WHAT YOU NEED TO DO
From the entries below, work out how many lines contain the string "Steel"; answer with the number alone.

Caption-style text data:
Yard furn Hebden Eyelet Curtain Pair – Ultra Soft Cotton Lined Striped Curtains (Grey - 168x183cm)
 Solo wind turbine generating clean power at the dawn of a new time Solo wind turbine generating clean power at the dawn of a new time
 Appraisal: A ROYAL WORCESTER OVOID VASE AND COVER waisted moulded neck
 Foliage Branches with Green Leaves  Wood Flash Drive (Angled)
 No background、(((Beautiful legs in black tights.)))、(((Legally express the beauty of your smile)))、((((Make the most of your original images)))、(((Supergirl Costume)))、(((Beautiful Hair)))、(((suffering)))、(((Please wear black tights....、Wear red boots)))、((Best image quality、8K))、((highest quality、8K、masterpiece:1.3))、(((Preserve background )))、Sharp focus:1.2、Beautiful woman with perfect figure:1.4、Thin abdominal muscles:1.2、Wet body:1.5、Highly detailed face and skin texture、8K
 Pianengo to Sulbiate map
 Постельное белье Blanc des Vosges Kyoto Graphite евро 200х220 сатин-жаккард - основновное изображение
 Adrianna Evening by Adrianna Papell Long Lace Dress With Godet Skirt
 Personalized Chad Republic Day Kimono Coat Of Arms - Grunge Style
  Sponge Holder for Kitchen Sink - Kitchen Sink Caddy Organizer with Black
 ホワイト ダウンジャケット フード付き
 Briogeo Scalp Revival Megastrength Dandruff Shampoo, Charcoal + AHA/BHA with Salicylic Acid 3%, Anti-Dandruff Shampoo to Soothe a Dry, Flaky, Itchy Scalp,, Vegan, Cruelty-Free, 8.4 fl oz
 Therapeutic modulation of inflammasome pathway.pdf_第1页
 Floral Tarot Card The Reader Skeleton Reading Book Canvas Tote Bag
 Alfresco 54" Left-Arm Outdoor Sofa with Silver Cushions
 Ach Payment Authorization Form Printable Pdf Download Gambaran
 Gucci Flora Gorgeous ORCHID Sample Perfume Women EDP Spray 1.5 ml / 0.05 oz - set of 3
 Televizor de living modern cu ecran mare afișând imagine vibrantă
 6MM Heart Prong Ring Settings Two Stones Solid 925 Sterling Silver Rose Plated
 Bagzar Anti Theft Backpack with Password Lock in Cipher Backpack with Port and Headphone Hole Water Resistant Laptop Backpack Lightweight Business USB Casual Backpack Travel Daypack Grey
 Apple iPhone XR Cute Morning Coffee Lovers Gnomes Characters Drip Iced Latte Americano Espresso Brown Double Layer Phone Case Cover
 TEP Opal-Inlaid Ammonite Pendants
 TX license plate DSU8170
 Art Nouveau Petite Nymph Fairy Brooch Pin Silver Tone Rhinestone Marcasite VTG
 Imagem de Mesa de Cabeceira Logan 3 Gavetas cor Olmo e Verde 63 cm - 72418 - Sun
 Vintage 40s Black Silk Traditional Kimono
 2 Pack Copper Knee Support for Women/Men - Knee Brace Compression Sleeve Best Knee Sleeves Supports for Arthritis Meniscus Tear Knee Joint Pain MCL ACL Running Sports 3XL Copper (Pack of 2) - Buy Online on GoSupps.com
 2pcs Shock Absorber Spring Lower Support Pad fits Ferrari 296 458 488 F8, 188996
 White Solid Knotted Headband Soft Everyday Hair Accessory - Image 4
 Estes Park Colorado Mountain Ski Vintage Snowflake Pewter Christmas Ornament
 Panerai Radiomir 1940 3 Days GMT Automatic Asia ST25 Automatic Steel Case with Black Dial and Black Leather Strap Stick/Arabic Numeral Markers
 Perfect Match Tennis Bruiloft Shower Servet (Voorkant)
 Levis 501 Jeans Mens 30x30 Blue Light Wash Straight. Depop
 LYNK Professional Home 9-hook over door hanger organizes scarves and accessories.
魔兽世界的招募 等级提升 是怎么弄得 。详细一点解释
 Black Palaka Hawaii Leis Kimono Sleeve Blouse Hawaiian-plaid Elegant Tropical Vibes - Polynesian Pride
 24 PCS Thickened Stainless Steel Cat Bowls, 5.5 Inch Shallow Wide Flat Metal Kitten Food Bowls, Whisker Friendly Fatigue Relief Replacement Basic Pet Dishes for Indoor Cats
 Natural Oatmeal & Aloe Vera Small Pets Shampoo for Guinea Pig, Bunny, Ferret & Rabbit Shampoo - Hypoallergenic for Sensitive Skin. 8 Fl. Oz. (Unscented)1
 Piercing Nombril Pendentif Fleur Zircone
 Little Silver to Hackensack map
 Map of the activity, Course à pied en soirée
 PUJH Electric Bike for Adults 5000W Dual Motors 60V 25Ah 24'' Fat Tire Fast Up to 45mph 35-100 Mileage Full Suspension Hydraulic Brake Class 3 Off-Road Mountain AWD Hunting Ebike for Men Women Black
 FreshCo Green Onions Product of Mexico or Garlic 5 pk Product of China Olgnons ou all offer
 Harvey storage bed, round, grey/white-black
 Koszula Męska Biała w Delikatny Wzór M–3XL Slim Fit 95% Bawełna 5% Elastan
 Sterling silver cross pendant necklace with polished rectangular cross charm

ANSWER SPACE
2